Once in a while, you hear a song that goes on to define a certain period of time in your life. For me, there are many songs that remind me of either high school, college, or some other specific time period. This could be either due to the way in which I first heard it, or where I was when I used to listen to it, etc.

Then there are songs that go bigger, and are forever associated with a generation; a decade even. The Red Hot Chili Pepppers "Under The Bridge" is one such song. Few songs define the 90's like this classic, which cemented RHCP into the minds of all those 80's babies forever. Even the music video is a classic, something that is instantly remembered for the young fresh-faced Frusciante in the beginning of the video, and the long haired, bare-chested Anthony Kiedis running in slow-motion towards the camera.
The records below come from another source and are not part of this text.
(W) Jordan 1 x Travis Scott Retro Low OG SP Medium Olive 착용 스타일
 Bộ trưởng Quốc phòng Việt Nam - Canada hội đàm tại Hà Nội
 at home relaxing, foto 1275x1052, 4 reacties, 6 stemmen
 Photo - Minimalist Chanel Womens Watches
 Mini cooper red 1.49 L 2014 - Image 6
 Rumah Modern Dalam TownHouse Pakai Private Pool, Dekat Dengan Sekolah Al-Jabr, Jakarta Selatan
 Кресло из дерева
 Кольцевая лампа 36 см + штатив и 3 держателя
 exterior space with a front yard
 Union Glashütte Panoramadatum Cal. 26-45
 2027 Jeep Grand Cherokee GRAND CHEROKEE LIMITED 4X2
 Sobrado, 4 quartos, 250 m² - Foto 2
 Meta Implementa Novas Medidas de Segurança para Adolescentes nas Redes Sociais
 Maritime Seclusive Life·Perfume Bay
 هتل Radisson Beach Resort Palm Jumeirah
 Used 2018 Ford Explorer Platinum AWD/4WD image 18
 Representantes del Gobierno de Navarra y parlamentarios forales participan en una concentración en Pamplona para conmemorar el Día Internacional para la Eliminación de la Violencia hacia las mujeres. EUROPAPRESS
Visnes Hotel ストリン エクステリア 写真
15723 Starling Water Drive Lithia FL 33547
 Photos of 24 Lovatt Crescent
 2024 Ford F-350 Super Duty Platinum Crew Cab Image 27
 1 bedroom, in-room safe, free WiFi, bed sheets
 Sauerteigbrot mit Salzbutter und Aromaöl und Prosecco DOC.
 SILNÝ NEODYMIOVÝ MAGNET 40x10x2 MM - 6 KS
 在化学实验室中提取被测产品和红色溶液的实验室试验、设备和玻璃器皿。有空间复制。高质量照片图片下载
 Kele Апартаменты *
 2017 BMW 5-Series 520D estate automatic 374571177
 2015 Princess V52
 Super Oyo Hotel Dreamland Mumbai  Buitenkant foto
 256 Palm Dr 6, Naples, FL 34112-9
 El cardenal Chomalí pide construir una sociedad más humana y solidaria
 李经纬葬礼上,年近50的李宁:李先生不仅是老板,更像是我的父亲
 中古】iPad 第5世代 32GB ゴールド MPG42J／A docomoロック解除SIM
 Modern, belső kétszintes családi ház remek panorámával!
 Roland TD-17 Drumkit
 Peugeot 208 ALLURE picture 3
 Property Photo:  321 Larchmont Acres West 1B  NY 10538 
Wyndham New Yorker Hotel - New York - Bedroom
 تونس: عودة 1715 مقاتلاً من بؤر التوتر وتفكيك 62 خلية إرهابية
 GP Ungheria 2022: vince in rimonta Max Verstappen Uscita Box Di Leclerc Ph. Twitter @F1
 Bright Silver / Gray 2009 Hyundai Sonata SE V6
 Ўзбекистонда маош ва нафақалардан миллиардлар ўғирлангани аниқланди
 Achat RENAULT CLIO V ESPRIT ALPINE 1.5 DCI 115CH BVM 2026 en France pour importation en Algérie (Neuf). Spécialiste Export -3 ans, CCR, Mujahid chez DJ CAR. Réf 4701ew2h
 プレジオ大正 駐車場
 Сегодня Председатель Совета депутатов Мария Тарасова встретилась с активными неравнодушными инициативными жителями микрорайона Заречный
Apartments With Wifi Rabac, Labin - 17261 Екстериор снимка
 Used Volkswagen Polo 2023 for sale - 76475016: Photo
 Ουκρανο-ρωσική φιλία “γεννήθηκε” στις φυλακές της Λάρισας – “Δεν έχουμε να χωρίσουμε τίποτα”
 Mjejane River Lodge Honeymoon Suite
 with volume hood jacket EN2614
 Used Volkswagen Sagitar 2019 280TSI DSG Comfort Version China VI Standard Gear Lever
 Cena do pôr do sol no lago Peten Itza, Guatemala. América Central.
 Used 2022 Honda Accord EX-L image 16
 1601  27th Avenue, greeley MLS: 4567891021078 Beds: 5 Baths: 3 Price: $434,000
Recently the topic of song meanings came up in a conversation, and I mentioned how interesting it was to find out what the artists had in mind when writing the lyrics to certain songs. The meaning behind "Under The Bridge" is haunting; a personal statement from Anthony who wrote this song after he had given up drugs. Due to his newly found clean-streak, he felt somewhat alienated from his band mates who would continuously get high while practising and jamming, thus making Anthony feel a stranger in his own band, and to his own friends. This forced him into long drives around L.A, helping him recall the days when he would do anything to 'score' some drugs, even once pretending to be the fiance of a local drug lord's sister to gain entrance into their circle, all this while having a loving girlfriend waiting for him at home.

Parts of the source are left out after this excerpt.